Key ideas developers should understand:
- Erasure coding expands block data so availability can be probabilistically verified
- Random sampling allows light clients to check availability by downloading small chunks
- Fraud resistance increases as more independent samplers participate
How to apply this in practice:
- Design block layouts optimized for 2D erasure coding
- Integrate samplers into light clients or full nodes
- Treat availability as a probabilistic guarantee rather than absolute certainty
DAS is used by Celestia and referenced in Ethereum research around scalable data layers. Understanding DAS is a prerequisite for supporting partial state availability in rollups or app-specific chains.
Conclusion and Next Steps
This guide has covered the core concepts and practical steps for implementing partial state availability in blockchain systems. The following sections summarize key takeaways and provide resources for further exploration.

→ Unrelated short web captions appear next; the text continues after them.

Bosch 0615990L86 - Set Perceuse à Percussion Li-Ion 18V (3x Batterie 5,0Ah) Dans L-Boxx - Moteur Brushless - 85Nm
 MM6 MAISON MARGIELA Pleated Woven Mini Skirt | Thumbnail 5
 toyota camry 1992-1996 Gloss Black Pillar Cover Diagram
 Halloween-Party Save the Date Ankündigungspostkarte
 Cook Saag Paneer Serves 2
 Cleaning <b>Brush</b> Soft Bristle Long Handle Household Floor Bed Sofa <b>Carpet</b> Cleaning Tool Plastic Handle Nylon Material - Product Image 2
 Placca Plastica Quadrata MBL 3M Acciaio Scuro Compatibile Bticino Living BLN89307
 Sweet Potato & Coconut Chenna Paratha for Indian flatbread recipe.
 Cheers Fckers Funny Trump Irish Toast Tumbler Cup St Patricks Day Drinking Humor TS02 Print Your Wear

Implementing partial state availability is a critical step for scaling blockchain applications, particularly those with large data footprints like gaming or social networks. The core principle is to allow nodes to operate without storing the entire global state, instead fetching specific data on-demand via protocols like Ethereum's Portal Network or Celestia's data availability sampling. This reduces hardware requirements and lowers the barrier to running a node, which enhances network decentralization and resilience. Your implementation should focus on defining a clear data partitioning strategy, selecting a robust data availability layer, and integrating a light client protocol for efficient state queries.
For developers, the next step is to experiment with existing frameworks. On Ethereum, you can interact with the Portal Network client, trin, to understand how historical data is served. For rollup-centric architectures, explore how validiums and optimiums leverage external data availability solutions like Celestia or EigenDA to post data commitments off-chain. A practical exercise is to modify a simple smart contract, such as an ERC-20 token with a large allowlist, to store its non-critical state off-chain and verify its availability using a Merkle proof submitted on-chain. This demonstrates the gas savings and scalability benefits firsthand.
The landscape of data availability is rapidly evolving. Key areas for further research include the security trade-offs of different DA layers, the development of more efficient proof systems like zk-proofs of data availability, and interoperability standards for cross-chain state proofs. Follow the development of EIP-4844 (proto-danksharding) on Ethereum, which introduces blob-carrying transactions to reduce DA costs for L2s. Engage with the community through forums like the Ethereum Research portal and the Celestia blog. By building with partial state availability today, you are preparing your application for a more scalable and decentralized multi-chain future.